Saipan in the Marianas has problems of its own and is working on the idea of special economic zones. In doing that it is getting China to help. In a newspaper article on the subject comes a summary of the situation and a quick history of China’s zones:
Between 1980 and 1984, China established special economic zones (SEZs) in Shantou, Shenzhen, and Zhuhai in Guangdong Province and Xiamen in Fujian Province and designated the province of Hainan a special economic zone.
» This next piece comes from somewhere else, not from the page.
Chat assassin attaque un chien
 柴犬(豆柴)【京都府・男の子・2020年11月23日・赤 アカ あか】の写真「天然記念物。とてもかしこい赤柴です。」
Early Chinese business concerns in the CNMI are traceable to these zones.
In 1984, China opened 14 coastal cities to overseas investment in Dalian, Qinhuangdao, Tianjin, Yantai, Qingdao, Lianyungang, Nantong, Shanghai, Ningbo, Wenzhou, Fuzhou, Guangzhou, Zhanjiang, and Beihai.
In 1985, it established more economic zones in the Liaodong Peninsula, Hebei Province (which surrounds Beijing and Tianjin), Shandong Peninsula, Yangtze River Delta, Xiamen-Zhangzhou-Quanzhou Triangle in southern Fujian Province, Pearl River Delta, and Guangxi.
In 1990 the State Council opened the Pudong New Zone in Shanghai to overseas investment.
* Primary reliance on foreign capital on construction
* Formation of local-foreign joint ventures and partnerships first but allowing wholly foreign-owned enterprises
* Export-oriented products
* Resource utilization, production and distribution activities are driven by market forces
It goes on from there to explain how China has now opened what is effectively a zone in the Commonwealth of the Northern Mariana Islands.